I guess a continuous flow of thousand dollar bills might have something to do with it...
the FPS genre is looking very tired, the sales of WoW demonstrate this. Combine the graphics of Doom 3/Half Life 2 with MMPORGs and you're onto a winner. Blizzard have half managed this but their graphics engine is still quite simplistic, bar the spell effects.
Nothing costs nothing
When I see a game uses an id engine, I can be pretty damn sure it will work on my system with very few problems. It is because he writes very VERY tight code and they do a great job testing it before giving it to the public. Sad to read that it looks like they are now going to be concentrating on the 360.
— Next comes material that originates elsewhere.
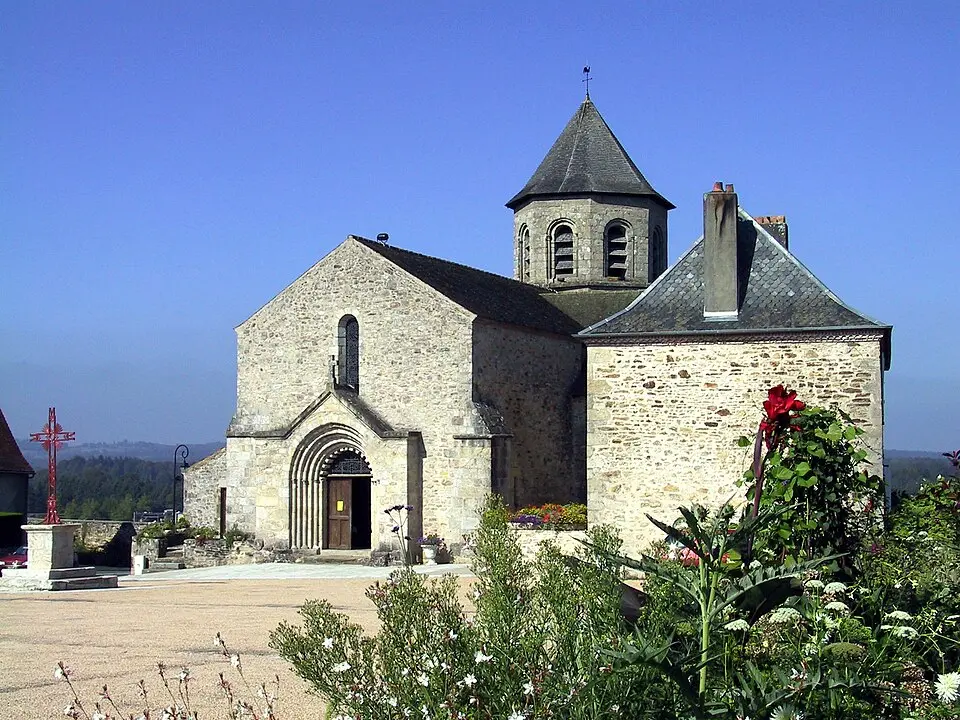 Bild: Fourgeaudg · CC BY-SA 3.0 Ladignac-le-Long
"I am amazed at how little progress has been made in the game graphics and gameplay since the original Doom."
Try Far Cry or Halo with all the patches, and set to the maximumn.
PC Gamer UK, coming out February 7? This was in the US version of PC Gamer that came out last month!
I just read this the other night. Its going to be in the latest issue of PCGamer. It says "Interview with Carmack!" on the cover. It is fairly short. Basically says that he's still developing games. The only big surprize is that he says that id is bacically primarilly developing for the 360 rather than the PC.
http://www.popularculturegaming.com -- my blog about the culture of videogame players
Am I the only one who thought this line was of any importance?
Bad news for Sony it sounds. I think it's obvious that they're not launching in the Spring like they were saying last year.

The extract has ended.